A half century and more have passed. City Lights astonishingly remains (much also to the credit of Nancy Joyce Peters, who has done so much to hold together the store and publishing division over the decades) for one younger generation after another the same open sesame to rebellion and literary genius.
Now over 90, Ferlinghetti is not finished. Some reviews of this book, published last year, seem to suggest with a bit of condescension that the old man goes on, but his lines weaken. I don’t see it. Dig this:
Before the great metal bird
Changed the face of the continent
Changed the landscape of America—
An America shrunk to an island
seen from forty thousand feet
(the back of a turtle)
Isolate cabins in rock wastes
Lonely tracks lost in wilderness mounts
Blips on the screen attesting to
The huge loneliness of the great spaces.
Ferlinghetti still looks for the causes as well as the deep logic of the great loneliness, the craving for security that the Warfare State depends upon and simultaneously undermines. He shows a lot of humor, wonderful word-play, and a deathless idealism wedded to a determination to see a better day. But for me, it is that vision of the emptiness within the Empire, the trapped feeling of middle classes and upper classes with every material advantage but little satisfaction with their lives, and in millions of individual cases, a growing sense of desperation.
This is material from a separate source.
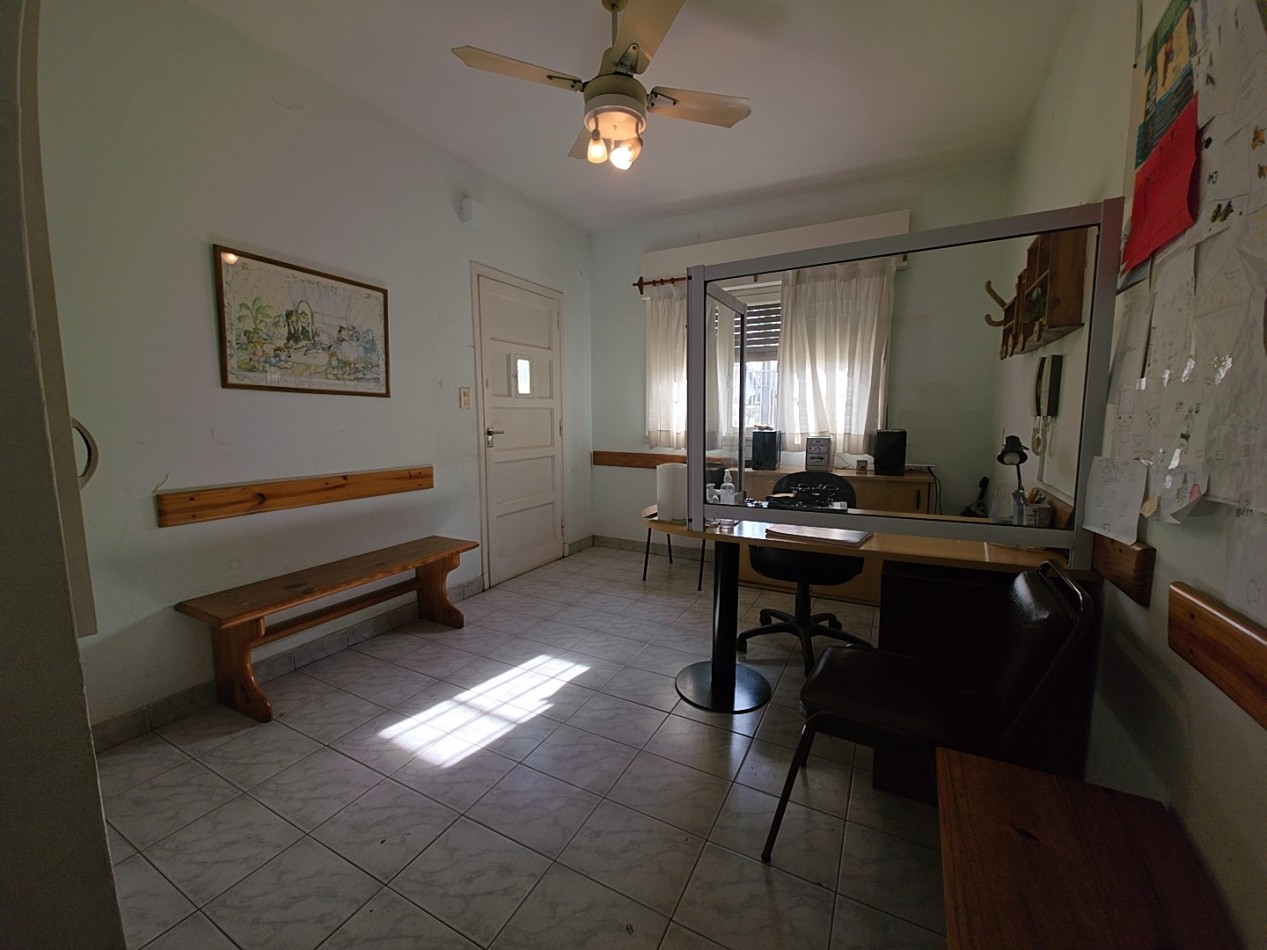 CASA O CONSULTORIO EN EXCELENTE UBICACION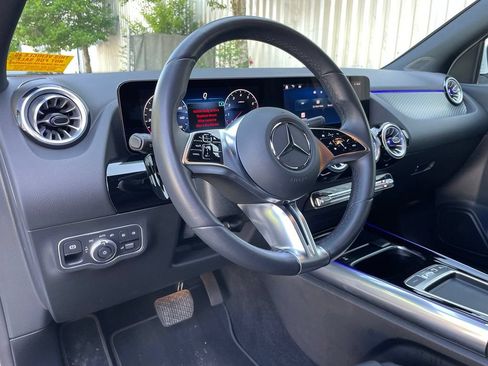 Used 2025 Mercedes-Benz GLA 250 image 10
Ferlingthetti’s Coney Island of the Mind spoke directly to that sensation and to the uses of Christianity by the supporters of the powerful to render the Prince of Peace into their chosen weapon of endless warfare. Somehow, Ferlinghetti’s Jesus was mocking them, saying something they could barely comprehend and definitely could not accept. It was a strange message for a free thinker returning to the U.S. a Parisian sophisticate, and a strangely secular place, that is San Francisco, for the message.
Singular among the great radical poets, now practically the last of their legion, Ferlinghetti triumphs again. Hurrah!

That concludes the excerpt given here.